Unfortunately, it also eliminates the taste of the potato. The result is a very thin, flavourless potato-based snack, with all the calories retained and all the goodness processed out. To create flavour, manufacturers coat the crisps in a witches’ brew of chemicals and fragrances, which is why your favourite prawn cocktail crisps taste of
sour beer and smell like malt vinegar! 

Surprised by success

A potato chip, on the other hand, is cut thickly and retains its starch. For that reason, it can’t be continuously fried and must instead be made up in batches. To ensure that the slices don’t stick together or burn, a cook must stir the chips as they’re frying, ensuring they achieve the correct standard. Unlike continuous frying, the process can’t be mechanised. It costs money to hire potato chefs, hence the premium for Tyrrells Potato Chips.

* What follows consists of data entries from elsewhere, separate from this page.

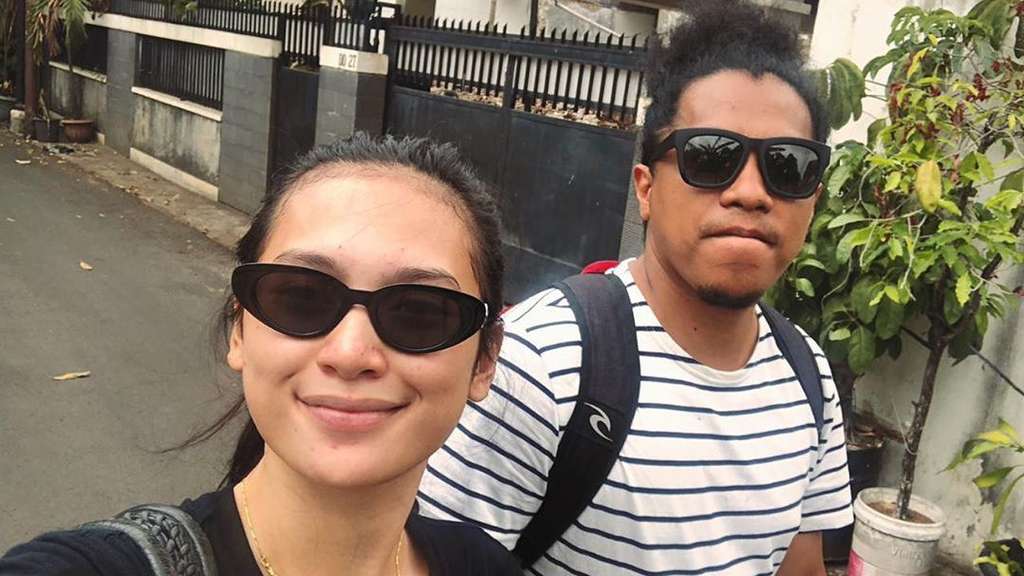 Sempat Tak Direstui, 5 Momen Mesra Arie & Indah Permatasari
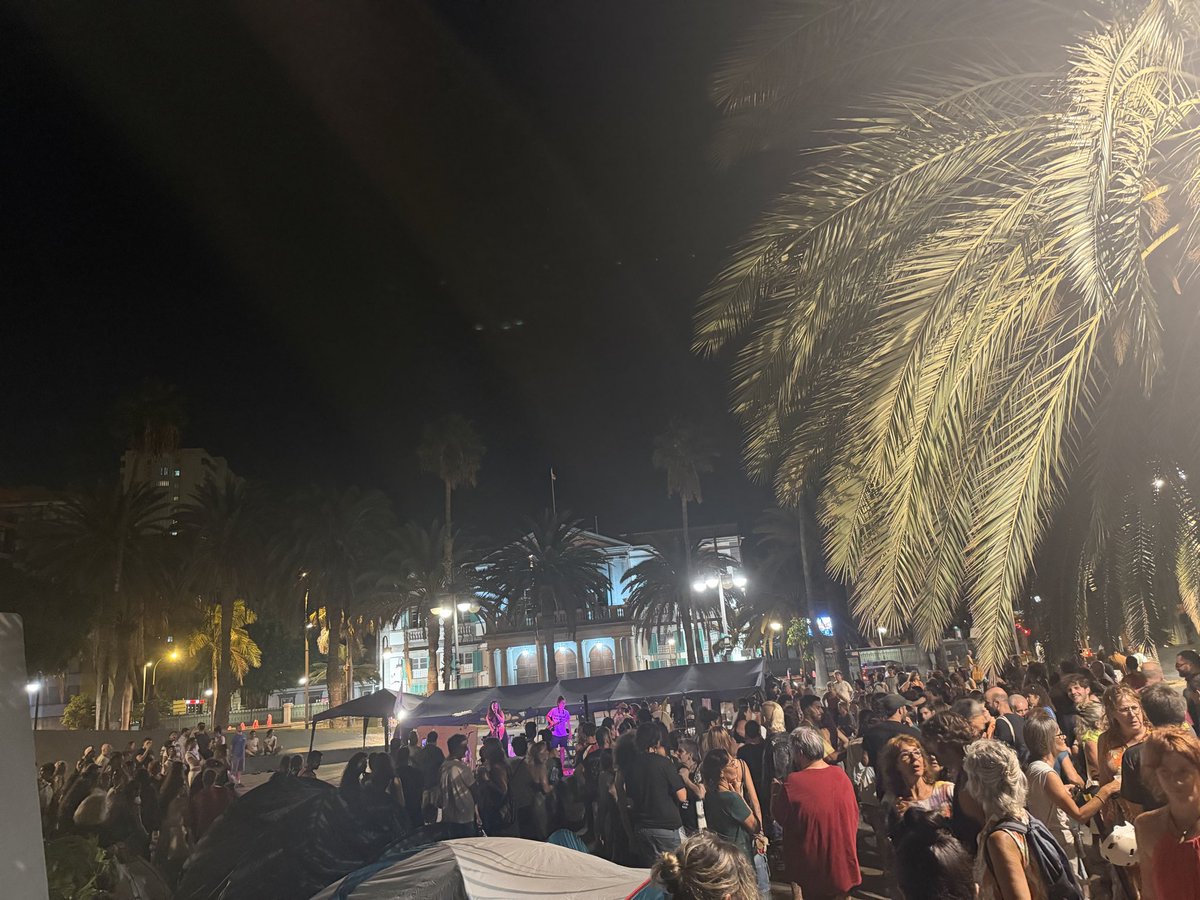 VickyRosell's tweet photo. Nos han pedido para la acampada (en Las Palmas 🌴): agua, compresas y tampones, toallitas y material para el punto violeta. 
💜☂️⛺️ 
Muchas jóvenes. Hay futuro. 🌍 https://t.co/kGtDFRW7fk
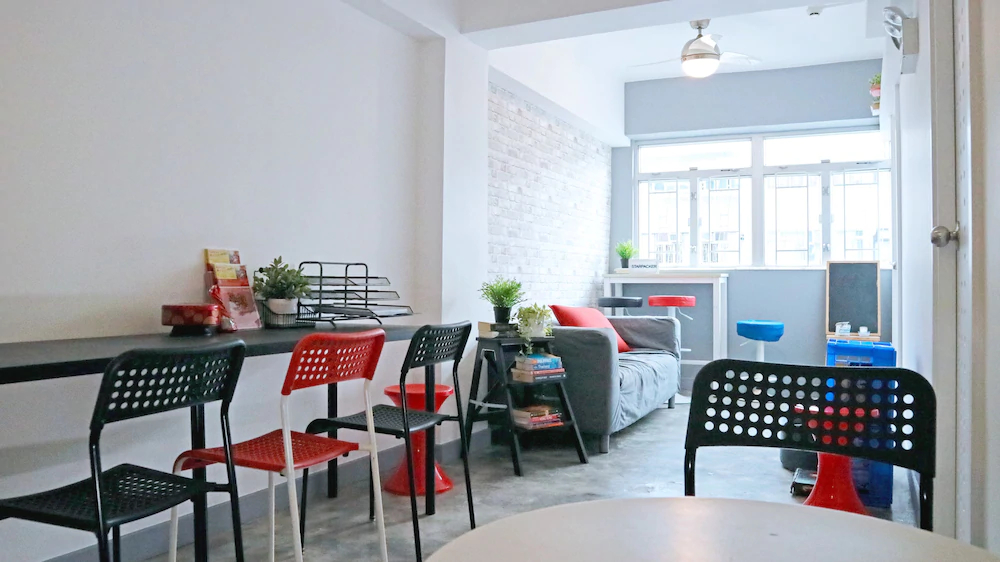 Starpacker Hostel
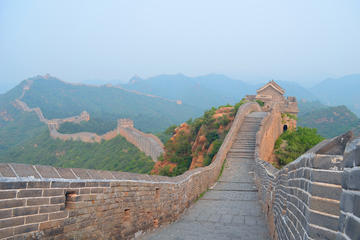 Great Wall Simatai West to Jinshanling Hiking Trip from Beijing with Lunch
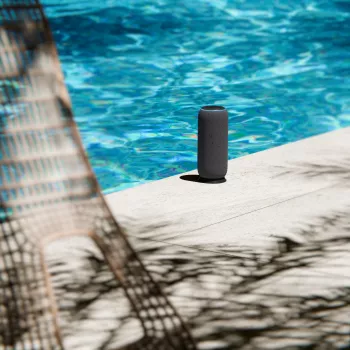 Mono φορητό ηχείο Motorola moto sound flow Carbon – 30 W RMS, USB-C, ασύρματο, θήκη από ύφασμα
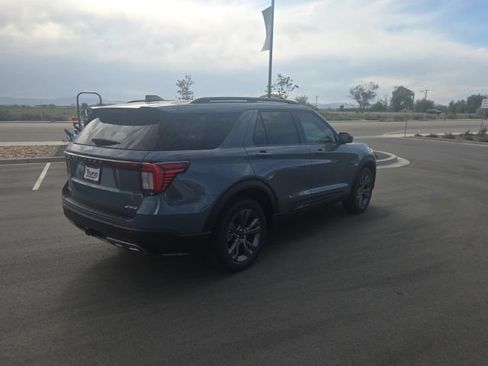 New 2026 Ford Explorer Active w/ Active Comfort Package AWD/4WD image 8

On that day in April 2002, when Chase momentarily considered the possibility that the whole thing might not work, he and a handful of employees had just cooked their first commercial batch of potato chips and had begun bagging them. His hope at the time was that the nascent potato chip business would subsidise his 800-acre Tyrrell Court farm. The success of the brand almost took him by surprise.

In that first year, he set aside five per cent of his crop for potato chips, selling the rest to the big supermarket chains. Last year, the farm’s entire crop – it has now grown to 1000 acres, in addition to a number of rented allotments – was devoted to Tyrrells Potato Chips. He currently has six batch cookers, producing between them some 400,000 packets of potato chips a week. Turnover has grown to £15 million a year and the firm employs nearly 100 people. Growth – after spurting exponentially in the early years – is now steady at about 58 per cent per annum.

Clearly, Chase’s original hunch was right: there is a market in the UK for upmarket potato snacks. More to the point, accidentally or otherwise, Chase tapped into the zeitgeist – a small but increasing number of people who take a great deal of interest in the provenance of their food and how it is grown. That they are also the sort of people who are willing to pay 85p for a bag of crisps is a happy coincidence.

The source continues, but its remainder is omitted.